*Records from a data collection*

#####

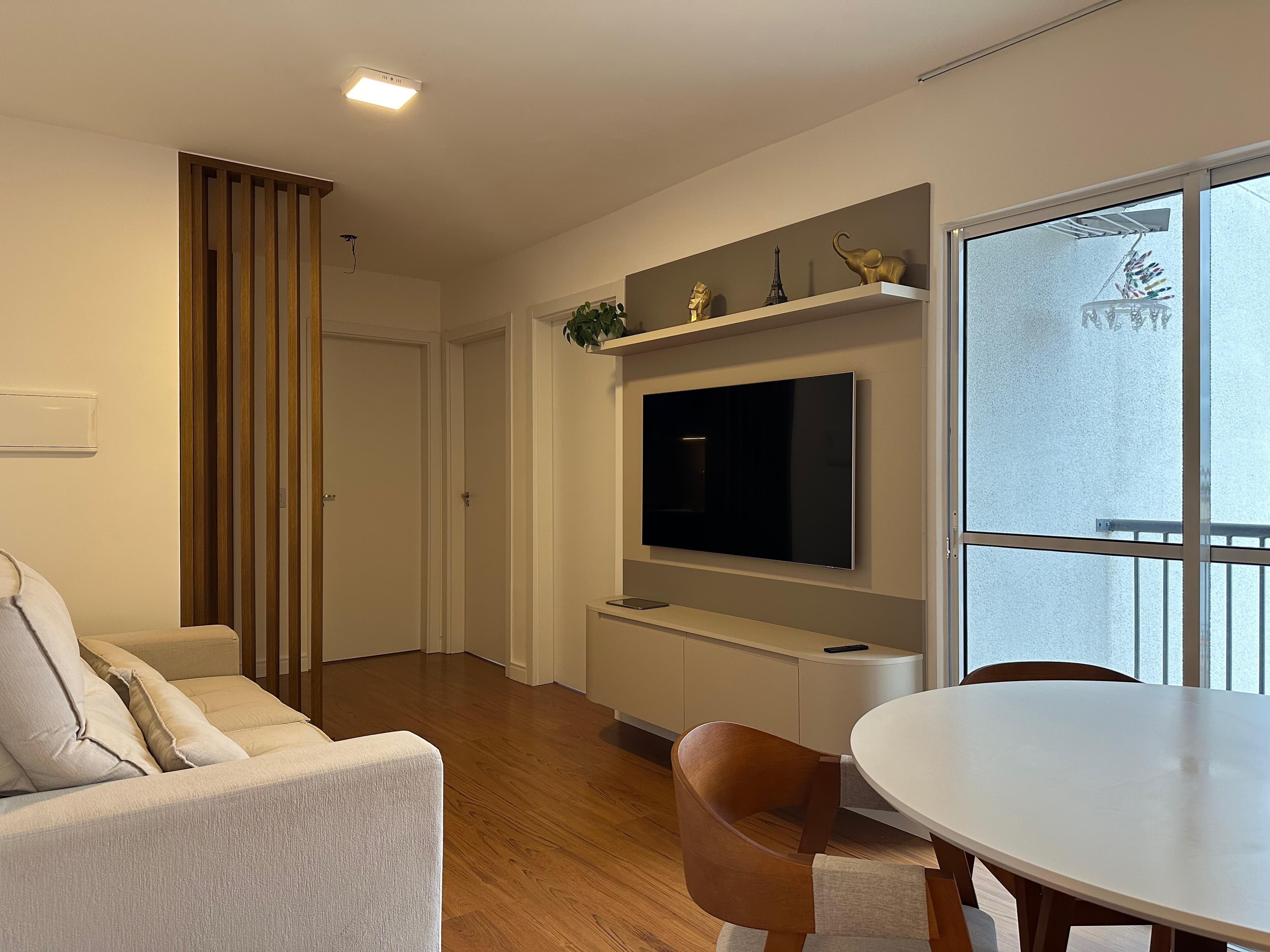 Apartamento à venda no Connect JK - com 50 m², 2 quartos (sendo 1 suíte), móveis planejados e sacada com churrasqueira.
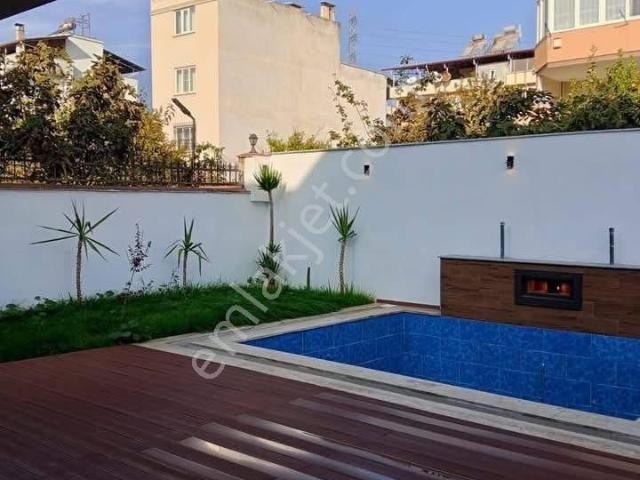 Nazilli Zafer Mahallesinde Lüks 6+1 Tripleks Villa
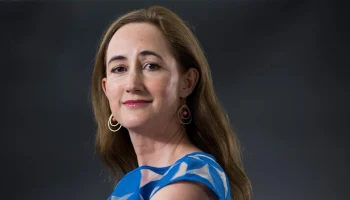 Умерла автор серии романов "Шопоголик" Софи Кинселла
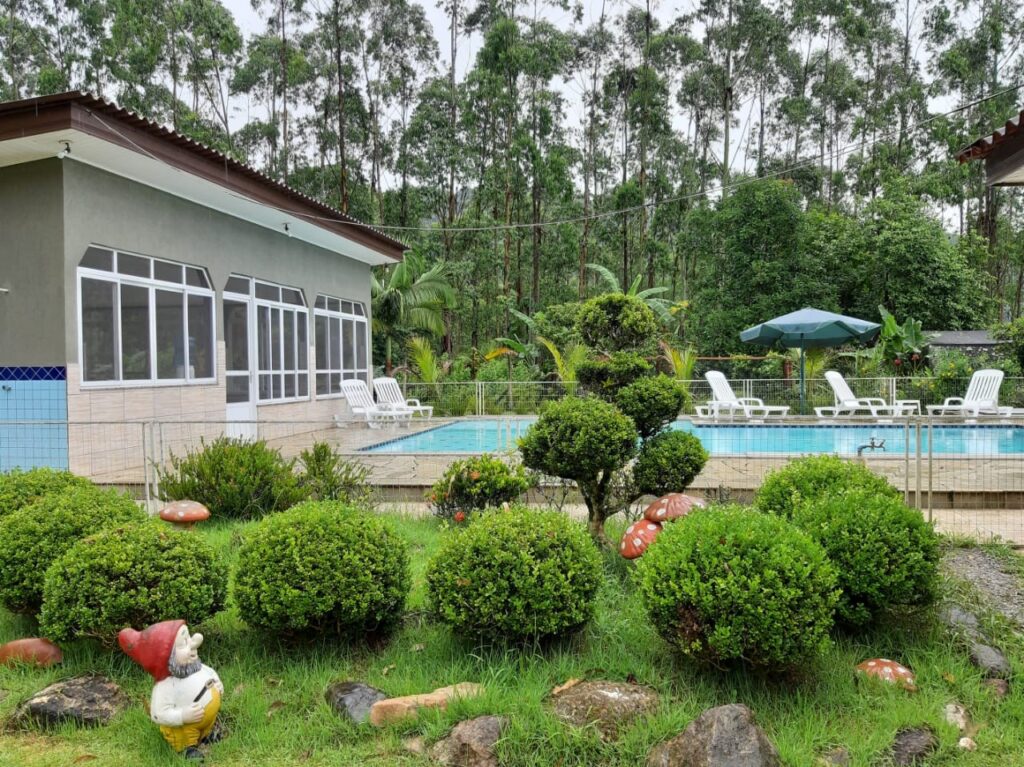 Detalhe da piscina do Sítios Brigitte – Divulgação Sítios Brigitte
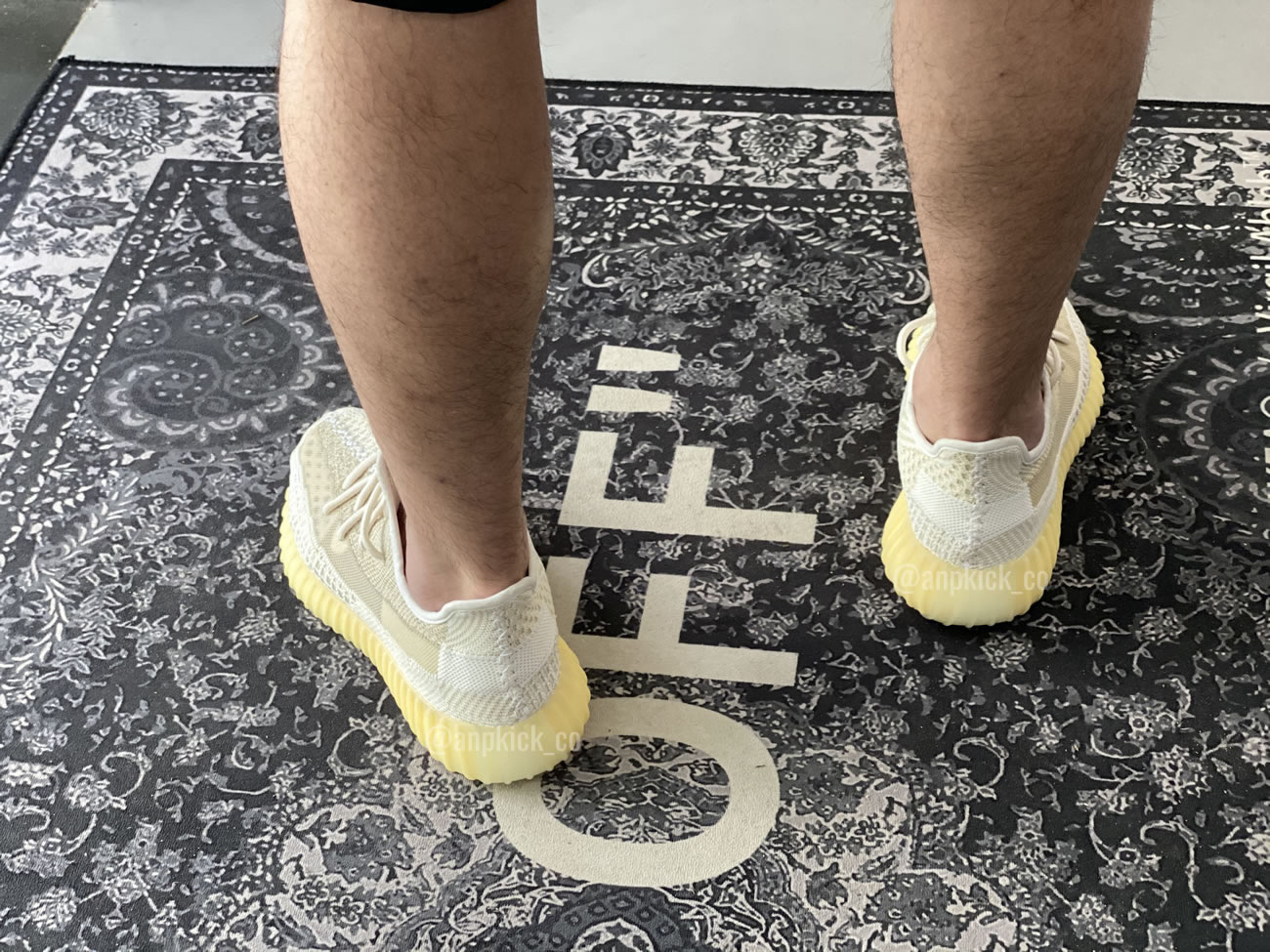 Adidas Yeezy Boost 350 V2 Abez Fz5246 Anpkick First On Feet First Look (8) - www.newkick.vip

#####

*Exercise instructions*
From the line that contains "Умерла автор серии" through the last line of the entries, transcribe every line exactly, leaving out the pictures.

*Reply to the exercise*
 Умерла автор серии романов "Шопоголик" Софи Кинселла
 Detalhe da piscina do Sítios Brigitte – Divulgação Sítios Brigitte
 Adidas Yeezy Boost 350 V2 Abez Fz5246 Anpkick First On Feet First Look (8) - www.newkick.vip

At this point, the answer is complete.